Have these uncomfortable conversations. The right person is going to make you feel at ease and openly have these conversations with you. If you have to pull at him, he’s not the right person.
Build A Bond With His Kids
His kids are going to be a part of your life as much as your kids will be a part of his. It’s a two-way street. He won’t love you more than he loves his children, and he wants you to be a good mother-figure for them just as much as you want him to be a good father-figure for your kids.
It can be challenging to build this bond though. The kids’ personalities will vary and they may view you as an intruder depending on how they felt about their parents’ break-up. You have to build their trust by getting to know them individually and spending a lot of time with them. You have to be all in.
It was hard for my boyfriend’s kids to like me initially. They didn’t want their mom and dad to split so they were holding back. They also felt I may not be around for long and, therefore, didn’t want to build a bond with me only to have it broken.
I had to figure out how to genuinely find my way into their hearts. We started intentionally spending time together until we bridged the gap where we function like a blended family. His kids get along with my kids and vice versa.
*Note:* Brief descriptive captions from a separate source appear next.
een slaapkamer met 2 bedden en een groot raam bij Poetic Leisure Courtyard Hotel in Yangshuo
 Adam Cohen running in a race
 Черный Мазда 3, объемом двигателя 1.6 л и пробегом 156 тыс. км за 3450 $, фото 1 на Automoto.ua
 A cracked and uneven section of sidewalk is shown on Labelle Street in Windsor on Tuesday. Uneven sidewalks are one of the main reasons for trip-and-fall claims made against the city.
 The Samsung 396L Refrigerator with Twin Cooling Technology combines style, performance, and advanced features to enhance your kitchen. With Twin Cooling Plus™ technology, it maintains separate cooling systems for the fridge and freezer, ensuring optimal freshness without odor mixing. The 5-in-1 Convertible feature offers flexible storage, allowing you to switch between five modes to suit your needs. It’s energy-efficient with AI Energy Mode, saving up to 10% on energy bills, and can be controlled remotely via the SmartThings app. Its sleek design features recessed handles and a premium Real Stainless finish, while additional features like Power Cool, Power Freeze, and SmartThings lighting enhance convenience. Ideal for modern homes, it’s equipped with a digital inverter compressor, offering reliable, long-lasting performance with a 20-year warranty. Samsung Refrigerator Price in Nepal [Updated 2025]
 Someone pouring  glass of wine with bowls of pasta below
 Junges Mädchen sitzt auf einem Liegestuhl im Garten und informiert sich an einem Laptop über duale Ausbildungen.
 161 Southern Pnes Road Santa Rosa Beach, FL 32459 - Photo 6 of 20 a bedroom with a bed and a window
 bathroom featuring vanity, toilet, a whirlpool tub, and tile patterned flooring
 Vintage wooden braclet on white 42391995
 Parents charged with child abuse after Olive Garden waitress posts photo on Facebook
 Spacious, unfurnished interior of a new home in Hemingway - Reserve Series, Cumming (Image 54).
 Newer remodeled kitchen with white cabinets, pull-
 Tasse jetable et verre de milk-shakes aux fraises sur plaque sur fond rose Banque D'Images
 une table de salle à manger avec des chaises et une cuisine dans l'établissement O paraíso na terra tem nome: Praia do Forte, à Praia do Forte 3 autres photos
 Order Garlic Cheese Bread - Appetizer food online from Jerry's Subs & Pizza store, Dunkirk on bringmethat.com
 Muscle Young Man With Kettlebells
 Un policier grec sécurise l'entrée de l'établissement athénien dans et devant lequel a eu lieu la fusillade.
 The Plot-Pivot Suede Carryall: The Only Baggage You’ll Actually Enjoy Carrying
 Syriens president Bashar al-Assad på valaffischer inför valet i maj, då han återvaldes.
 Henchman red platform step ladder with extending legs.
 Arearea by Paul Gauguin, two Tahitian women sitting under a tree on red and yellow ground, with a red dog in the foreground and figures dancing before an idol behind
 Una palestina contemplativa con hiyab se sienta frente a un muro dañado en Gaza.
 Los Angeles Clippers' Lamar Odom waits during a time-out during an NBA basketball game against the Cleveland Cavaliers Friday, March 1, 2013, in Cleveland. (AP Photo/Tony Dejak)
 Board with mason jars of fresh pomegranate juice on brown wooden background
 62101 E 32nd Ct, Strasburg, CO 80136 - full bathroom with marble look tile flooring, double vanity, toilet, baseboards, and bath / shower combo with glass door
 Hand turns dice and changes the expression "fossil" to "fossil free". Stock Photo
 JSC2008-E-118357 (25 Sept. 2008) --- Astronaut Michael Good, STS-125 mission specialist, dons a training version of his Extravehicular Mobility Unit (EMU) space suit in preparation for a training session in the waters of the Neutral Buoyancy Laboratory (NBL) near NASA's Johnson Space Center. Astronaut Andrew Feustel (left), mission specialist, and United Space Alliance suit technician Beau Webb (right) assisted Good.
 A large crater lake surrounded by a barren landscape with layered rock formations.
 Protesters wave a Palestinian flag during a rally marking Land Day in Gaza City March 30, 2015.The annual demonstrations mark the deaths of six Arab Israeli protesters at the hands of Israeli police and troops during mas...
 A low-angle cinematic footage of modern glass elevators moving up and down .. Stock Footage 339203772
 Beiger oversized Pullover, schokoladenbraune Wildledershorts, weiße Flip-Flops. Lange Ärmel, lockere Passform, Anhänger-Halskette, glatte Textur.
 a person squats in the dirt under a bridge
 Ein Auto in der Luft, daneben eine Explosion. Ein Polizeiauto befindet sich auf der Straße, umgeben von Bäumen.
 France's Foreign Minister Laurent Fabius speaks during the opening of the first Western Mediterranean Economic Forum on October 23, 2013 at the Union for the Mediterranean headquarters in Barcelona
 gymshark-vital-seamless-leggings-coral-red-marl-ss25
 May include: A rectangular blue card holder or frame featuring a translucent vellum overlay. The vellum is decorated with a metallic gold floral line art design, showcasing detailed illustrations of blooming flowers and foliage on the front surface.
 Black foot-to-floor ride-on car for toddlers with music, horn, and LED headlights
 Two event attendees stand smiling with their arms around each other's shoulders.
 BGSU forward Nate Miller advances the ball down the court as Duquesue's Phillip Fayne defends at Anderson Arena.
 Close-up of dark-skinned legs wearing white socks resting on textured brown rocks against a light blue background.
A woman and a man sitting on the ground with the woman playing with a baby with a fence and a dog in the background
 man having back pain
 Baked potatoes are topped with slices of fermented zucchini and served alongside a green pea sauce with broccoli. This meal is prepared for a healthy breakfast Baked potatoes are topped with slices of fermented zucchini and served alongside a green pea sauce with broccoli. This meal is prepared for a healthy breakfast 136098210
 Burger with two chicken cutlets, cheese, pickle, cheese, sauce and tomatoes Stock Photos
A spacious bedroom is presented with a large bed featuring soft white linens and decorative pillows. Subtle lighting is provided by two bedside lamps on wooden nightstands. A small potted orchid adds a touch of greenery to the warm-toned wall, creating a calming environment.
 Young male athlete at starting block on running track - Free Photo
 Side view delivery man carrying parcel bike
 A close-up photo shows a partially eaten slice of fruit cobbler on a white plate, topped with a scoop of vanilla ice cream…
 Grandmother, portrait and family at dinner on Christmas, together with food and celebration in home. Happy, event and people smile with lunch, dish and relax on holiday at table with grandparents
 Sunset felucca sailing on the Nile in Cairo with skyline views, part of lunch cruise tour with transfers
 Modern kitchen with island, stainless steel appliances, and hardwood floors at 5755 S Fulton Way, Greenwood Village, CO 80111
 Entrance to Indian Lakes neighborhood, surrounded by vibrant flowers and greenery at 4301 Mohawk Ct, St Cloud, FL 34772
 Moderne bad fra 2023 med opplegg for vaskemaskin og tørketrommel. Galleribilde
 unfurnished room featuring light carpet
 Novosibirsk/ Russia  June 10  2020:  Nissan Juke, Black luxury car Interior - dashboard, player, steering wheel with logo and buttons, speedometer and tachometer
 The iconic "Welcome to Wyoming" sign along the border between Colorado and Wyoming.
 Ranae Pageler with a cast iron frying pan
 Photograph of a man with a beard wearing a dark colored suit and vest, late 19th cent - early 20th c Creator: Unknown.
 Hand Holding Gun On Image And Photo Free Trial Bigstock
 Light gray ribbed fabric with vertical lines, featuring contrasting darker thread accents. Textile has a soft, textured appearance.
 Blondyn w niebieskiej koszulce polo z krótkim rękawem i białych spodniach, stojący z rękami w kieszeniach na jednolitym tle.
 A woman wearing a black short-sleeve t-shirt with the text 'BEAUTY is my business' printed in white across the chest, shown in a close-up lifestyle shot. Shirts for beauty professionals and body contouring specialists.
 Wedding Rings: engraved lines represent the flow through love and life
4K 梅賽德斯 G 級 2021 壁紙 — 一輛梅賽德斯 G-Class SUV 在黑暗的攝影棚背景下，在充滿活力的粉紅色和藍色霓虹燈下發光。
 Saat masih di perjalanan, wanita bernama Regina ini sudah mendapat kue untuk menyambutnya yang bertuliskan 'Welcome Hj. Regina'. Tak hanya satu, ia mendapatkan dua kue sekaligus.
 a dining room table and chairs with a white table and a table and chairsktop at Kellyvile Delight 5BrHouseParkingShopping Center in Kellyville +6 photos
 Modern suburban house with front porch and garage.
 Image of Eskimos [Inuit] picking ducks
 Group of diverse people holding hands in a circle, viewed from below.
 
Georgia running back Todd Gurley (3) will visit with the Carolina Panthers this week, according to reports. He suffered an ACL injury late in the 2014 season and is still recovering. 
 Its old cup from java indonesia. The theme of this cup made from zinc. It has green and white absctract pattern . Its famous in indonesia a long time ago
We are blessed with a tremendous responsibility as parents. So, we must be cautious of the man we choose to be a part of our kids’ lives. I chose to date someone with kids because I felt he would better appreciate what it takes to be a good parent. But, I had to be confident about him first through what I observed and what we discussed before I introduced him to my kids.
Don’t waste time with a man you know won’t be the right fit. You want a man who:
- Clearly demonstrates he’s a good father
- Makes his kids a priority
- Allows you to be an active part of his kids’ lives
- Willingly has difficult conversations with you about parenting so that you can ensure you’re both on the same page
Have you ever dated a man with kids? What was your experience like?